» **Scraped caption text data**:

......

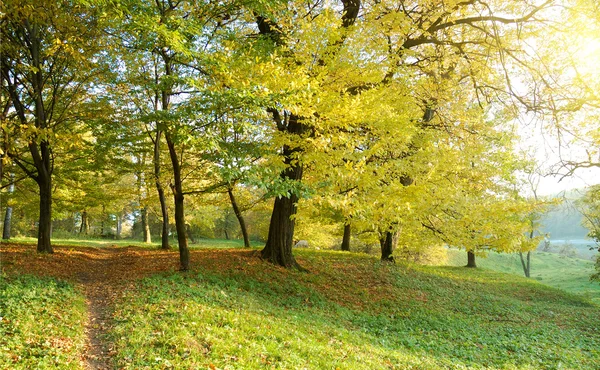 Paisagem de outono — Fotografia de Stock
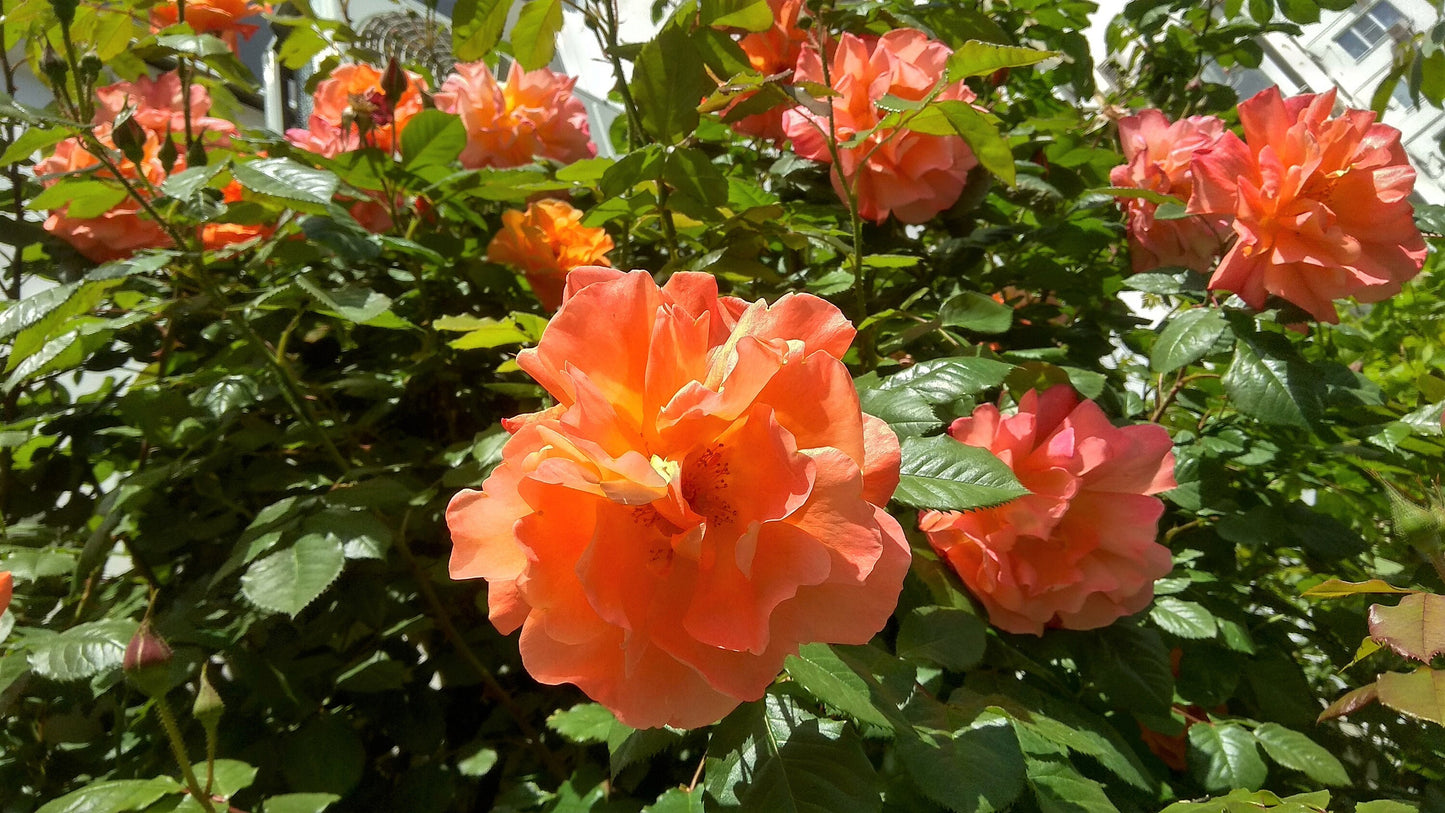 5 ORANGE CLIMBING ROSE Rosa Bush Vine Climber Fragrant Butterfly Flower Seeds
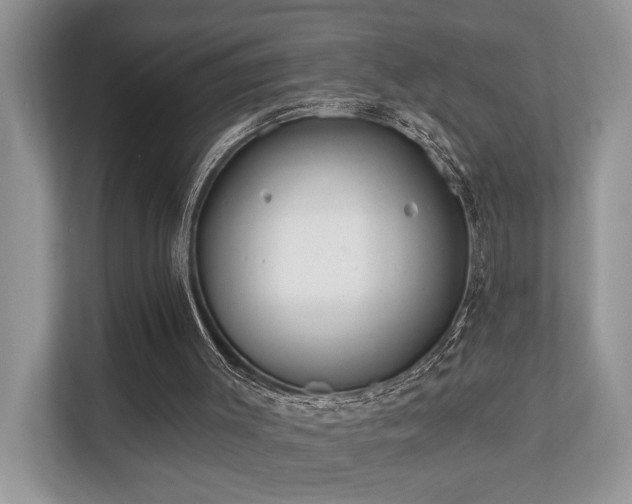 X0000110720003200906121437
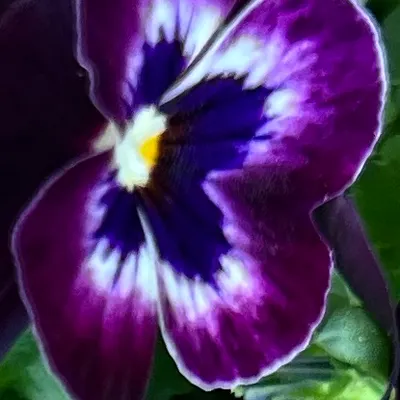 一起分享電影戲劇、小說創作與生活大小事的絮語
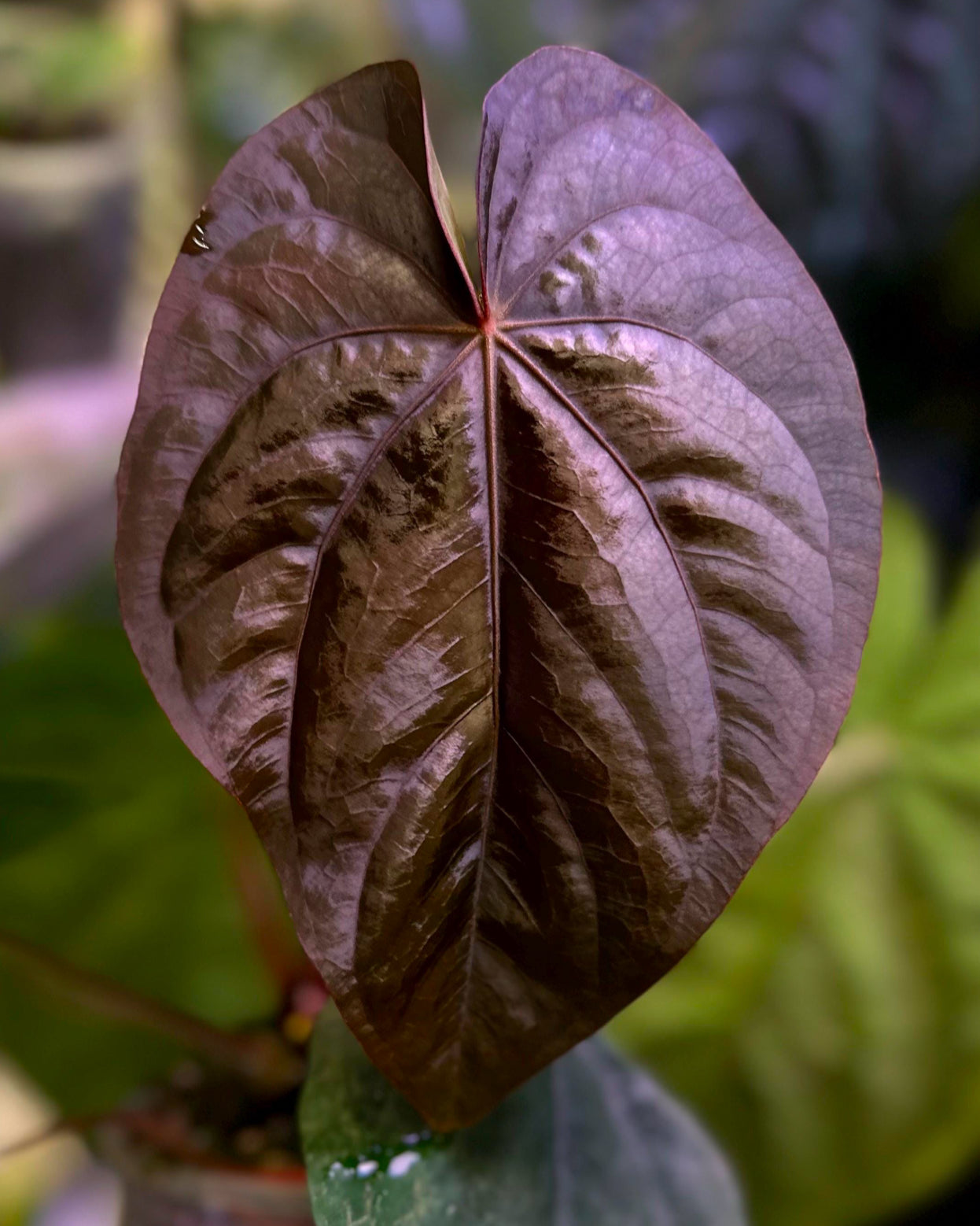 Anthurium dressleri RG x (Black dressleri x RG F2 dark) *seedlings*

......

» **Work to be completed**: Leaving pictures aside, give again word for word each line from the one with "一起分享電影戲劇、小說創作與生活大小事的絮語" to the final line of the entries.

» **Answer box**:
 一起分享電影戲劇、小說創作與生活大小事的絮語
 Anthurium dressleri RG x (Black dressleri x RG F2 dark) *seedlings*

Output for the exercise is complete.